About this task: Only one stretch of the records below should be repeated. It starts with the line containing "Photo of property" and goes on through the line containing "YSL sunglasses with case - Picture 1 of 6", exactly as written.

*** Opening Given information ***

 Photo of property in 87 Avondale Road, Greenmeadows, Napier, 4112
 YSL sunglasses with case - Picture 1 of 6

*** Closing Given information ***
*** Opening Given information ***

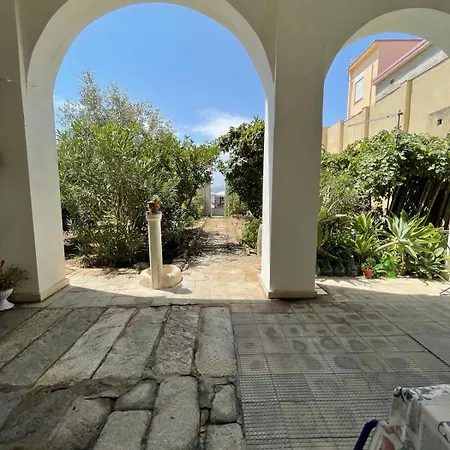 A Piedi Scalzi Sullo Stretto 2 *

*** Closing Given information ***

Output of the task:
 Photo of property in 87 Avondale Road, Greenmeadows, Napier, 4112
 YSL sunglasses with case - Picture 1 of 6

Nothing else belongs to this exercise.